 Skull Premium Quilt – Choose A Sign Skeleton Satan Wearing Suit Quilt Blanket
┄┄┄┄┄┄
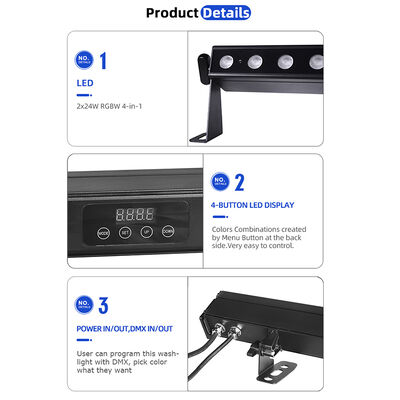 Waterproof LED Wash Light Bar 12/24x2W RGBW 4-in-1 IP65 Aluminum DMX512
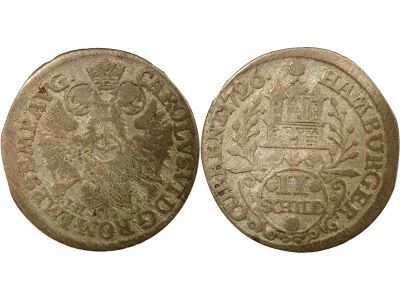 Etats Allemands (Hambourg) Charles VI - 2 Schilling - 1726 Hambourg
┄┄┄┄┄┄
Find the line with "Waterproof LED Wash" in the entries above. Set down exactly every line from it up to and including the line with "Etats Allemands (Hambourg)", images excluded.

 Waterproof LED Wash Light Bar 12/24x2W RGBW 4-in-1 IP65 Aluminum DMX512
 Etats Allemands (Hambourg) Charles VI - 2 Schilling - 1726 Hambourg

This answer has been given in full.